**Exercise brief:** Return only that part of the material below which starts with the line containing "8525 Malia Ln." and goes on through the line containing "-梧桐餐厅(泉城路店)", restated exactly.

**Dataset records:**
======
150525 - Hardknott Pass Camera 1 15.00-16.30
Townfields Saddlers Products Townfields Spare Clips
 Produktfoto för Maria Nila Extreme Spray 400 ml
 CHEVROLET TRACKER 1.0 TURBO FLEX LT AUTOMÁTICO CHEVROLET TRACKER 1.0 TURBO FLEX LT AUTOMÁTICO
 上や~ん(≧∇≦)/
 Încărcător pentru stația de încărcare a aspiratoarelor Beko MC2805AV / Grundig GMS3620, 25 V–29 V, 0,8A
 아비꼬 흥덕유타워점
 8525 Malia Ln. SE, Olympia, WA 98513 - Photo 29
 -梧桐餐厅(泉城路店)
======
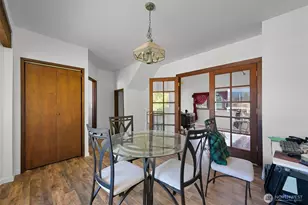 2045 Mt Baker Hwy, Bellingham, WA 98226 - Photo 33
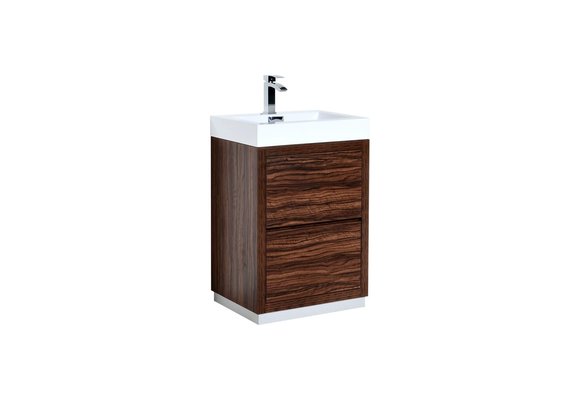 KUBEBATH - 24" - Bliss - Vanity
======
**Task response:**
 8525 Malia Ln. SE, Olympia, WA 98513 - Photo 29
 -梧桐餐厅(泉城路店)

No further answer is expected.